I don't know about that. I think ChatGPT's output is very repetitive and fluffy, and their style thus becomes similar—not necessarily a positive habit.
That’s the kind of writing you are supposed to have learned in grade school. Not good writing, just clear enough to pass.
Good writing only comes from writing lots of things that other people actually want to read. Course work is poorly structured for that, it isn’t peer review.
My time on Everything2 saw a dramatic improvement between the writing style that I started with and what it had progressed to when I became less active/left. In that time I wrote nearly 800 nodes over the course of 4 years.
Having a diary is one thing - having creative writing that is in the open and subject to criticism and encouraging refinement is quite another.
I think the even more "high school essay" trait is it's tendency to infodump its marginally relevant general knowledge of the subject matter. Look at all the stuff I've learned, isn't it impressive!
And whilst it's bad at being nuanced, it's even worse at being opinionated because its guide rails and human testers alike love its answers to be qualified with generic caveats like "depends on the specific situation"...
A ChatGPT answer looks exactly like a politician that doesn't want to tell you the answer to your question.
It also has a "high schooler" style, but mostly because of the rigid form it uses. If actual high schoolers throw random content in their essays like ChatGPT does, they will get negative points for that.
Yeah. Ask it a question and it will tell you everything about it but never the exact answer you are looking for. It takes prompts like be concise and direct, or only give one word, or the like to make it anything better. Sometimes first asking it to give a small answer and then explain step by step works well though.

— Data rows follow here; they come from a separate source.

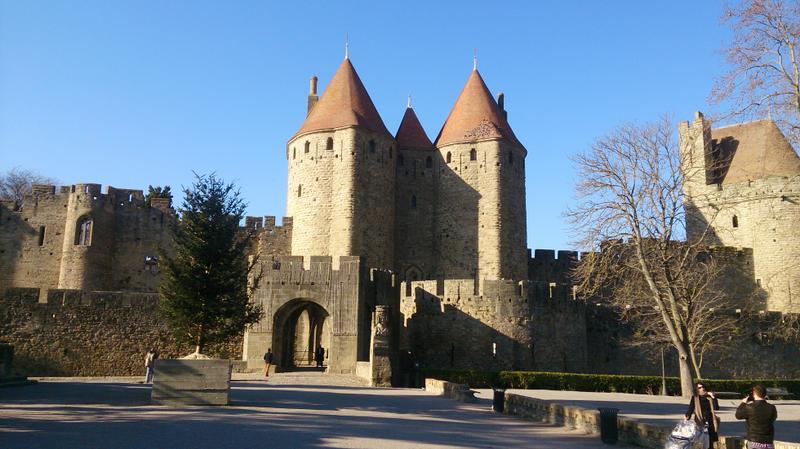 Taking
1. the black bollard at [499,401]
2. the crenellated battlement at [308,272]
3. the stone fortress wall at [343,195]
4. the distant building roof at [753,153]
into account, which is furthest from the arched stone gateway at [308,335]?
the distant building roof at [753,153]

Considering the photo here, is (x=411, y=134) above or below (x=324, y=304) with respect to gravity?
above

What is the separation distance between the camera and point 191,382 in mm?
14203

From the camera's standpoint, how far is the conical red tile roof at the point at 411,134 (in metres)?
38.9

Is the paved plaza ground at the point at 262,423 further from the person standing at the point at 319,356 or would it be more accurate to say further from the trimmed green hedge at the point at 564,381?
the person standing at the point at 319,356

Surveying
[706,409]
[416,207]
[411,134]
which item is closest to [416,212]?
[416,207]

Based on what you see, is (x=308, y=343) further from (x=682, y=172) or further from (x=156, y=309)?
(x=682, y=172)

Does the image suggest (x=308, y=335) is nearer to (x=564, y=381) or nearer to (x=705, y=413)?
(x=564, y=381)

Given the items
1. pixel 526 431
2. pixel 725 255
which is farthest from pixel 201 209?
pixel 725 255

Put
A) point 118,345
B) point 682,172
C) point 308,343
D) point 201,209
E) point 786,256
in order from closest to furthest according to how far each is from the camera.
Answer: point 201,209, point 682,172, point 118,345, point 308,343, point 786,256

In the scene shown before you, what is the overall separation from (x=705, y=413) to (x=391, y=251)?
26.6 meters

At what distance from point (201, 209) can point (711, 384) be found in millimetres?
20971

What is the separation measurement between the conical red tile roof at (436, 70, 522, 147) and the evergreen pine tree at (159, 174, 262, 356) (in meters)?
21.8

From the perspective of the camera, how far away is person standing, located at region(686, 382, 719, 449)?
999cm

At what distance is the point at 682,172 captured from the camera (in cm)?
2381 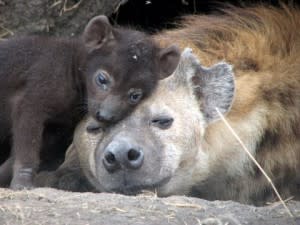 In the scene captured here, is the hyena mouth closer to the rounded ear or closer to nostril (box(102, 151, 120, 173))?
nostril (box(102, 151, 120, 173))

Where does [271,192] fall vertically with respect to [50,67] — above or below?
below

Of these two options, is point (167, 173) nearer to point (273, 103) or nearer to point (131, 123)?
point (131, 123)

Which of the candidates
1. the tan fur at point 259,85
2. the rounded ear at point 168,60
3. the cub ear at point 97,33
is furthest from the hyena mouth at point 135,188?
the cub ear at point 97,33

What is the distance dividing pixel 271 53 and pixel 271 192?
0.85m

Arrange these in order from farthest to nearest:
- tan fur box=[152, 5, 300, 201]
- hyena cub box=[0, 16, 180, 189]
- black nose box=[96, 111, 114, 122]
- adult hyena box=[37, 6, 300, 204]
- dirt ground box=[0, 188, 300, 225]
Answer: tan fur box=[152, 5, 300, 201] → adult hyena box=[37, 6, 300, 204] → hyena cub box=[0, 16, 180, 189] → black nose box=[96, 111, 114, 122] → dirt ground box=[0, 188, 300, 225]

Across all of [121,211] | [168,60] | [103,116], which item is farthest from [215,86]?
[121,211]

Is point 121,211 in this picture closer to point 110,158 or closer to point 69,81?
point 110,158

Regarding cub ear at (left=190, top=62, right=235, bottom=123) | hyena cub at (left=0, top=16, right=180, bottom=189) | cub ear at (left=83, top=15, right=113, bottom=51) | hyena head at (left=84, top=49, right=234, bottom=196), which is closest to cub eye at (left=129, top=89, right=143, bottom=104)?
hyena cub at (left=0, top=16, right=180, bottom=189)

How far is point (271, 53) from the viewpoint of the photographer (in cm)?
612

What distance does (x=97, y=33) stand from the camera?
18.6ft

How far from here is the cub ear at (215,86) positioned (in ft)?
19.1

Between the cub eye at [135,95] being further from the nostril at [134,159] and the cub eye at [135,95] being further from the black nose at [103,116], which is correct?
the nostril at [134,159]

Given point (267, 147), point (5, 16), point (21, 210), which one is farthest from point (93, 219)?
point (5, 16)

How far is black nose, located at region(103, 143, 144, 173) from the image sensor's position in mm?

And that writing will be used to train future models until a stiff, logical proof/Rube-Goldberg style of writing becomes the standard everyone adopts (hopefully not).
With logical proof styles, that requires active thought, reasoning and rationalizing, amidst other things. It's easy to blag things with fluff and repetition, which is why so many people are hired out of their depth into inappropriate positions.
Average ChatGPT output for the most part reminds me of the average British politician who can waffle on until you stop them, talking about all the aspects of something, but never really answering your question with all that much substance and depth, sometimes not even answering it whatsoever. Very "30,000 foot view".